Around the Word: the Humor Edition

In honor of the long weekend, the BloGG is having a Funday Monday with today's writerly roundup. To wit:
  • Humor is a political speechwriter's secret weapon—and an ideal way to warm an audience to your cause. So argues the late Liz Carpenter, former speechwriter to President Johnson, who kept her funny bone in working order, as Vital Speeches of the Day notes. Watch Carpenter speak at the National Book Festival, where she synthesizes the wisdom from her book Start with a Laugh: An Insider's Guide to Roasts, Toasts, Eulogies, and Other Speeches. In the book, she deconstructs the pattern of successful speeches and offers tips on creating laugh-inducing material for sensitive topics. Her credo, she says, is "Start with a laugh, put the meat in the middle, and wave the flag at the end." In her talk, she flashes her wit and also shares humorous yarns about LBJ's speechwriting tricks and techniques, including his solution to embedding a quote by Aristotle when he worried his audience wouldn't get the reference: instead, he started, "As my dear ol' daddy used to say..."

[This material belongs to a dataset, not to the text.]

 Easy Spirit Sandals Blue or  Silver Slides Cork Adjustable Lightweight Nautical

  • "It's on sale!" might seem like a no-brainer for revving up online sales. But there's something else going on at Groupon, a deal-of-the-day service that sold over 7,000 discounted subscriptions for Time Out Chicago in 24 hours, according to Business Insider. The golden ticket? Clever, intelligent writing and a sense of humor, observes Columbia Journalism Review writer Lauren Kirchner. Kirchner takes a gander at Groupon's recent advertisement for a marketing writer, which lists some good guidelines for avoiding clichés and writing humorous advertising material without squeezing the cheese onto customers. Their instructions include using "absurd, unexpected imagery that reacts to actual details" and refraining from "devices such as quotes, parentheses, and adding language that draws attention to the joke." Curious, we stopped by Groupon to see today's deal—a restaurant with a "menu that's ever-changing, like the time signature of a prog-rock song." Do you have any experience-based tips for keeping selling points fresh?

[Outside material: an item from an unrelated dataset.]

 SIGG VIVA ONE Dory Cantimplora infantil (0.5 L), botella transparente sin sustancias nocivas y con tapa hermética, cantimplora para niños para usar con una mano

  • Humor is a great social leveler—and comedy, legally, belongs to everyone. Comedians cannot copyright joke content, explains NPR's On the Media, although the particular delivery (or a comedic persona) can belong to a specific person. So what happens when a brouhaha brews over "stolen" jokes, such as the recent "Tiny Hats" scuffle? And, more importantly, what incentives do comedians have to write new material if their jokes aren't protected? Law professors Chris Sprigman and Dotan Oliar discuss the informal codes that arise in the world of comedy (and cooking) that prevent freeloaders from stealing material. The "norm system" rats out known offenders, who are often ostracized by the community and have difficulty finding gigs or collaborators. The profs also point out that contemporary comedians like Sarah Silverman create stand-up personalities that make their jokes hilarious when spoken in character, but useless for most other comedians.

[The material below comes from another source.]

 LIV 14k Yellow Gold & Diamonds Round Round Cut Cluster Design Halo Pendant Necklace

  • As writers know, hitting on the right idea can be serendipitous—but inspiration isn't created ex nihilo. In his book Where Good Ideas Come From: The Natural History of Innovation, released last week, bestselling author Steven Johnson offers a sevenfold path to fostering a creative, open environment that will stimulate new ideas. He discusses the value of cultivating your hunches, taking on diverse hobbies, and keeping your mental space slightly messy so that cross-currents can flow. "Being right keeps you in place," he writes, while "being wrong forces us to explore." In an interview with The Daily Beast's Josh Robinson, Johnson unveils the gradual growth of the ideas behind book itself, which have been circulating in his mind for over a decade. What are your strategies for nurturing ideas for books, articles, or other projects?